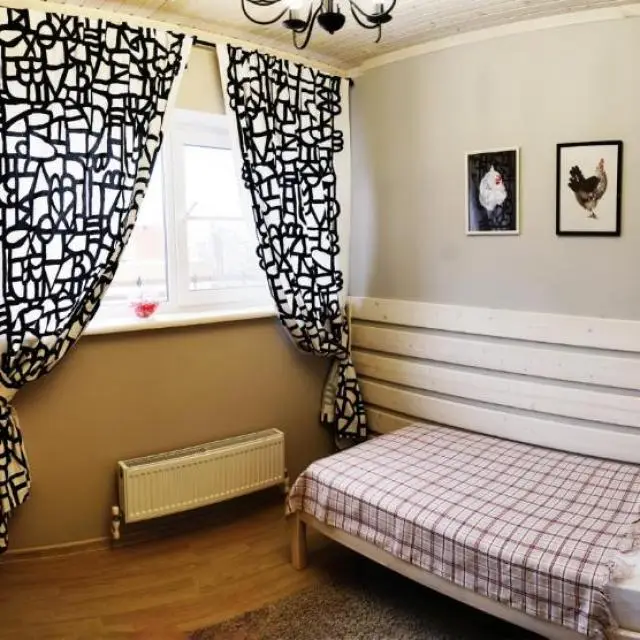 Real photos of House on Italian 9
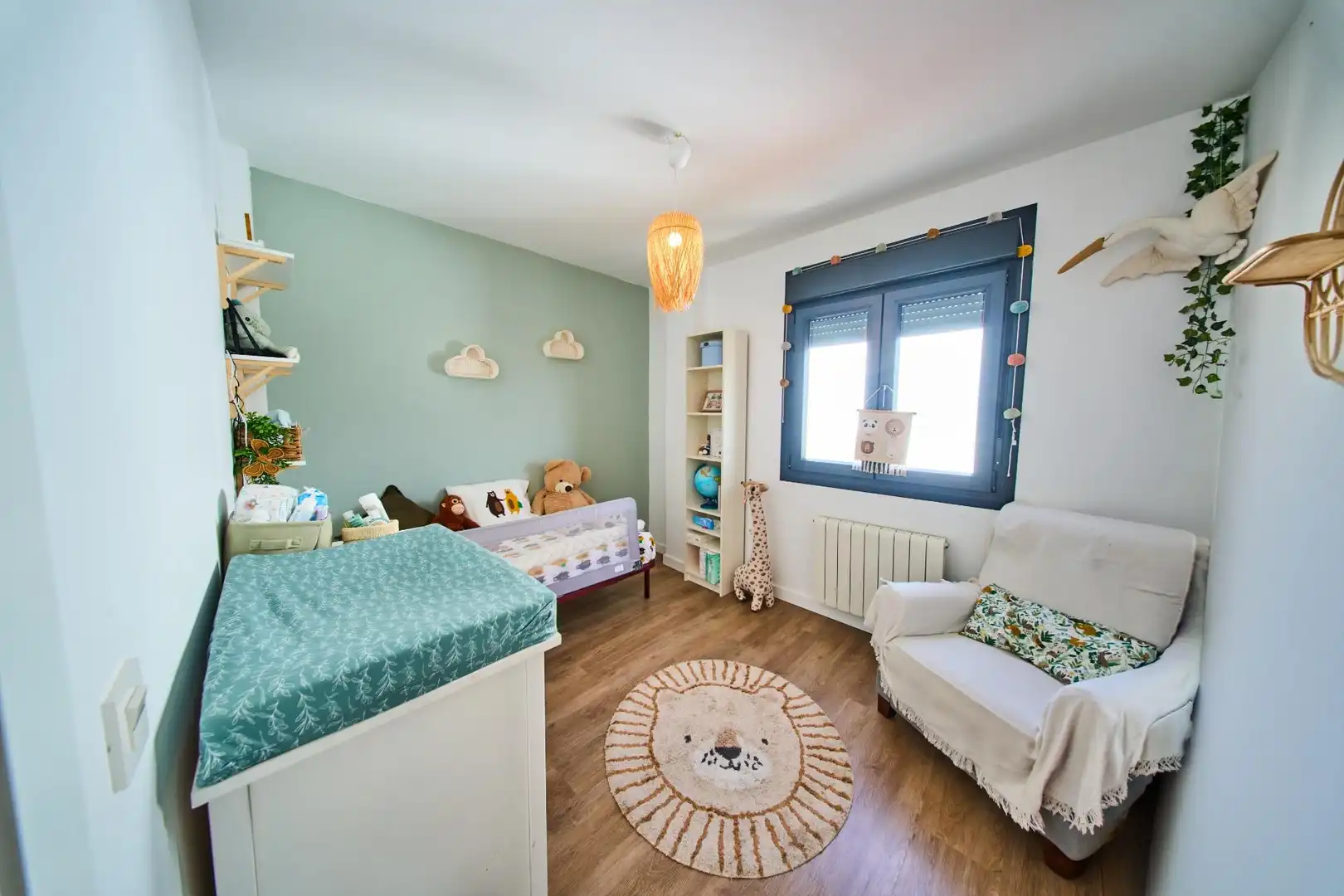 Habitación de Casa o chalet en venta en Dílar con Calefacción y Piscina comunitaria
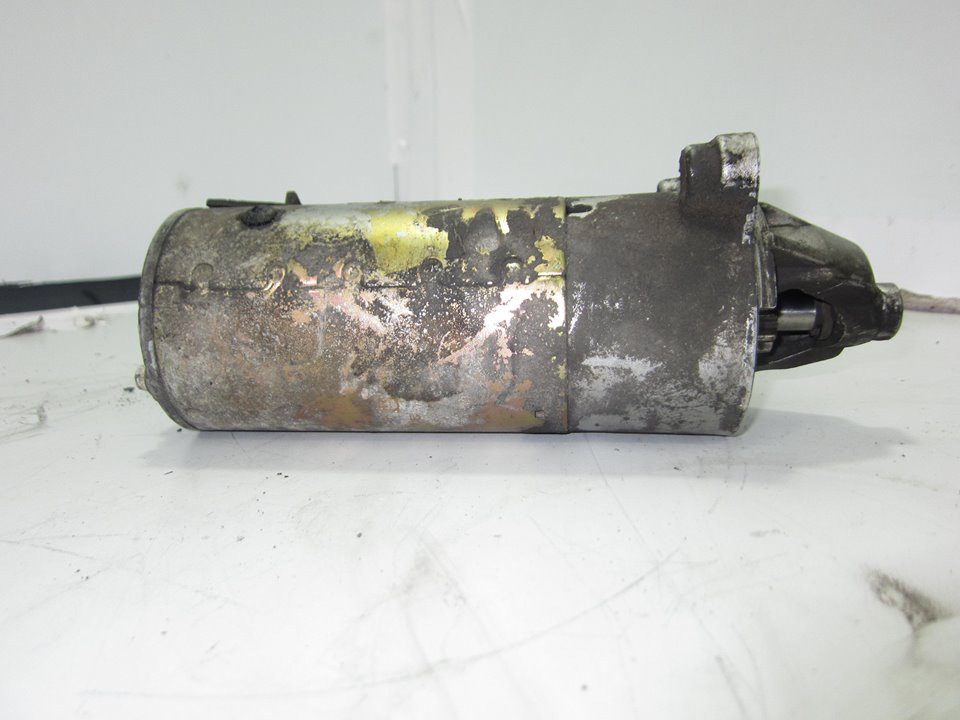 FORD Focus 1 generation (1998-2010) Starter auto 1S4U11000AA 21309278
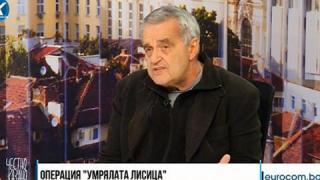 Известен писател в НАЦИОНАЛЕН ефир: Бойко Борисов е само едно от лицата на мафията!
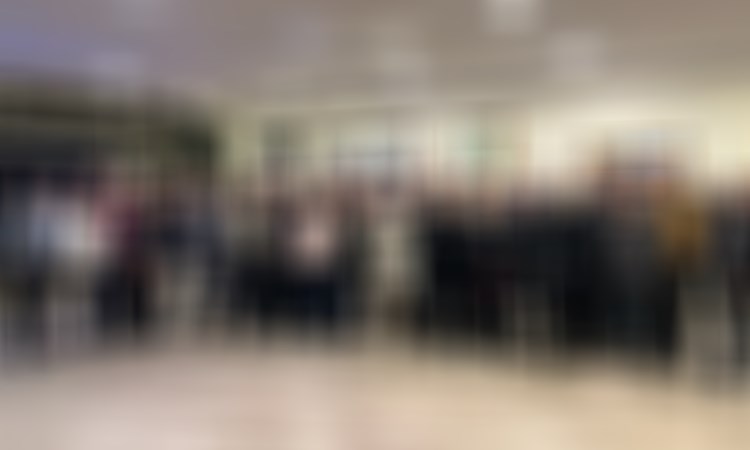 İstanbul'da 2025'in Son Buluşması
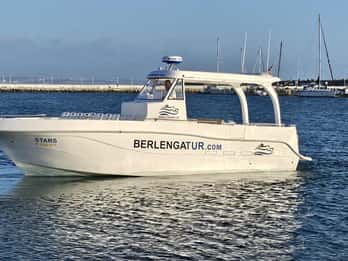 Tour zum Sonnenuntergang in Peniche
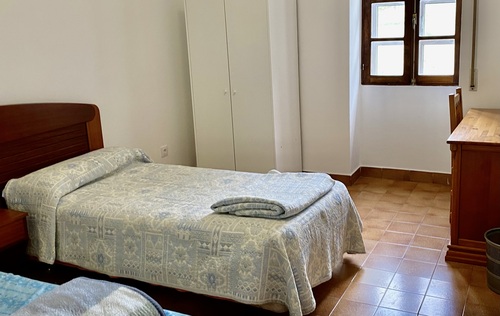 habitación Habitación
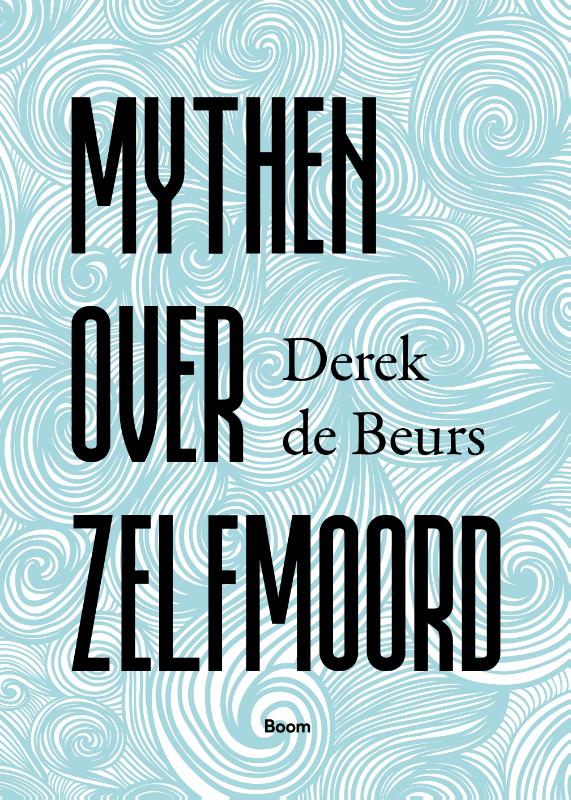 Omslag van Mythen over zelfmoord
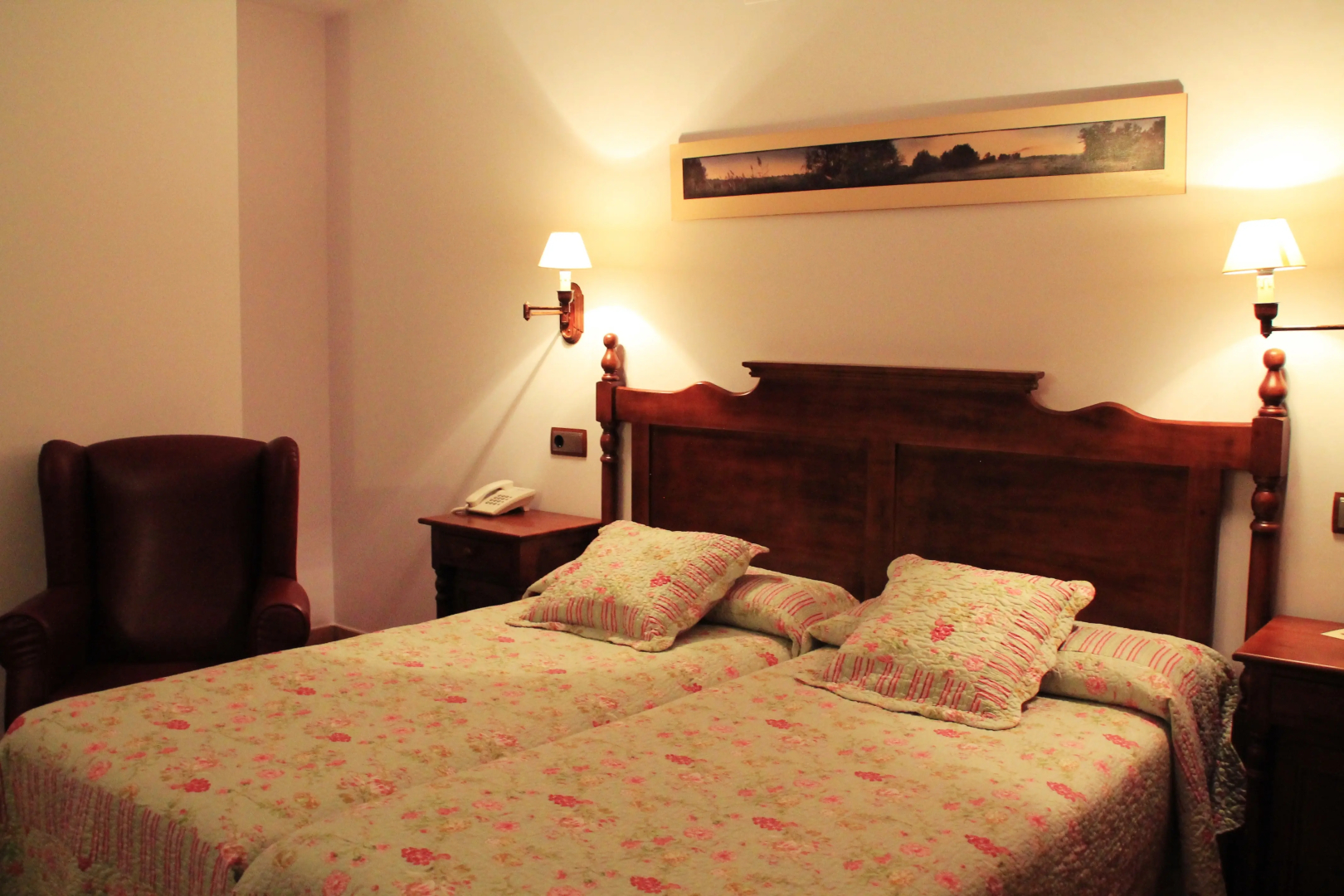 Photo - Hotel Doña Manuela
··········
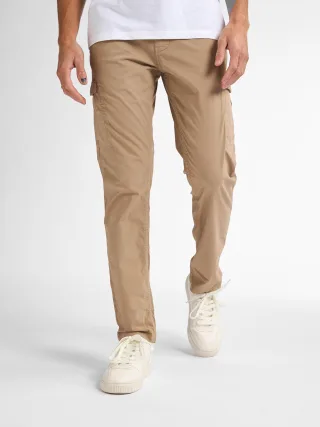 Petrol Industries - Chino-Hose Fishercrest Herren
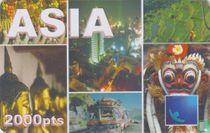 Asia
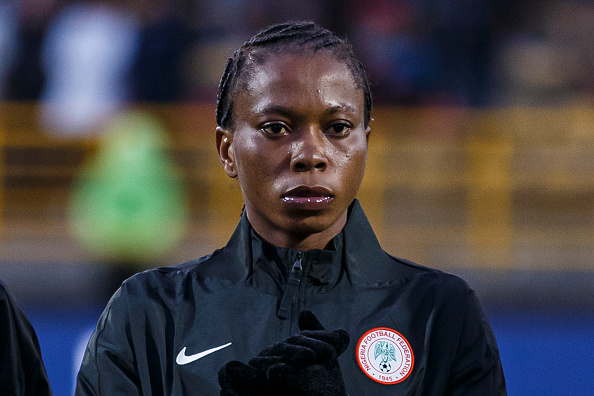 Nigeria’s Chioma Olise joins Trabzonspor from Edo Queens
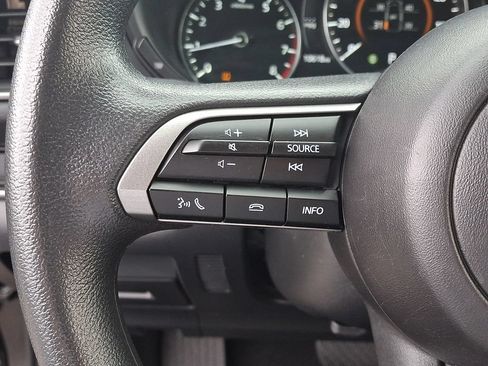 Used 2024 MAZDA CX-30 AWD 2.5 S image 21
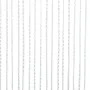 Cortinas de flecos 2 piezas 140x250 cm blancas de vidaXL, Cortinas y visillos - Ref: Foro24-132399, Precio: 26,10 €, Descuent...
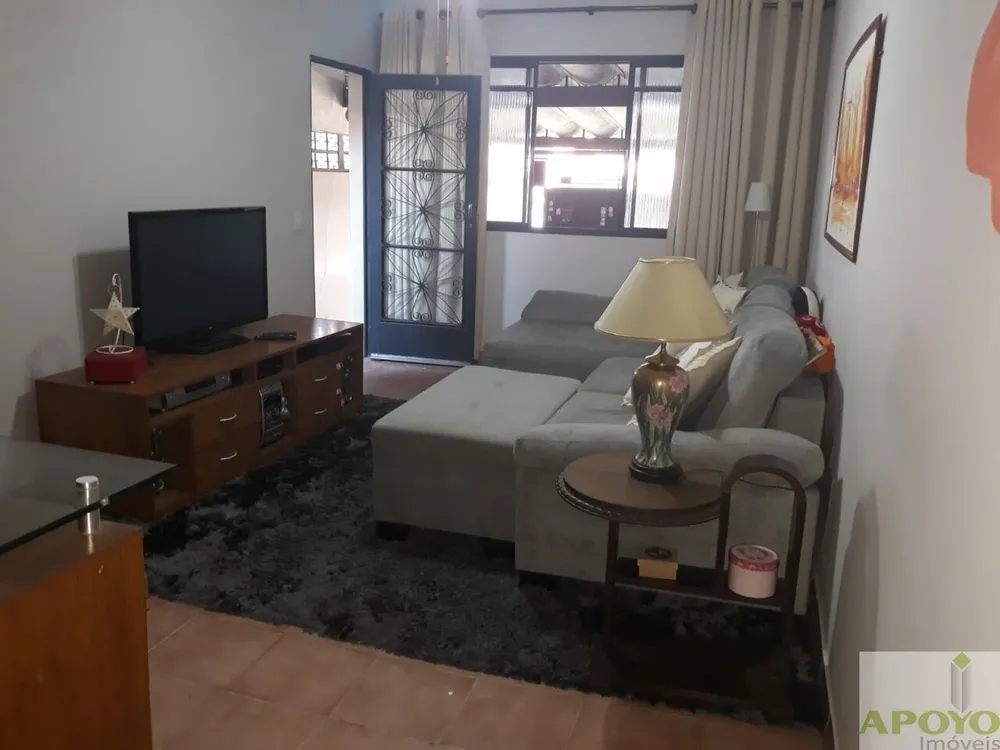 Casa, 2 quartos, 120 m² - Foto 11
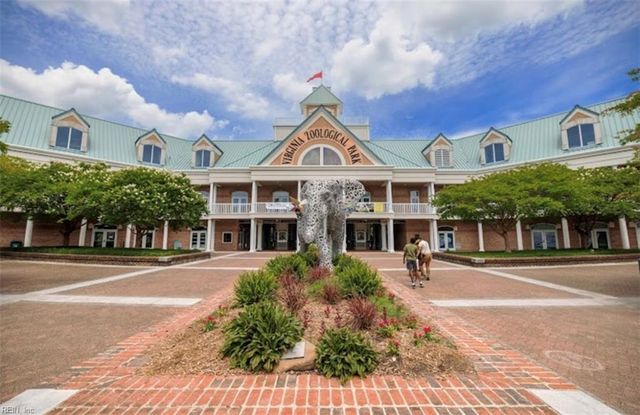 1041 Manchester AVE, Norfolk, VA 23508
··········
Only the lines above from the one with "Used 2024 MAZDA CX-30 AWD 2.5 S image 21" to the one with "1041 Manchester AVE, Norfolk, VA 23508" should be printed, both included and exactly as written; no picture belongs in the copy.

RESPONSE TO THIS EXERCISE =
 Used 2024 MAZDA CX-30 AWD 2.5 S image 21
 Cortinas de flecos 2 piezas 140x250 cm blancas de vidaXL, Cortinas y visillos - Ref: Foro24-132399, Precio: 26,10 €, Descuent...
 Casa, 2 quartos, 120 m² - Foto 11
 1041 Manchester AVE, Norfolk, VA 23508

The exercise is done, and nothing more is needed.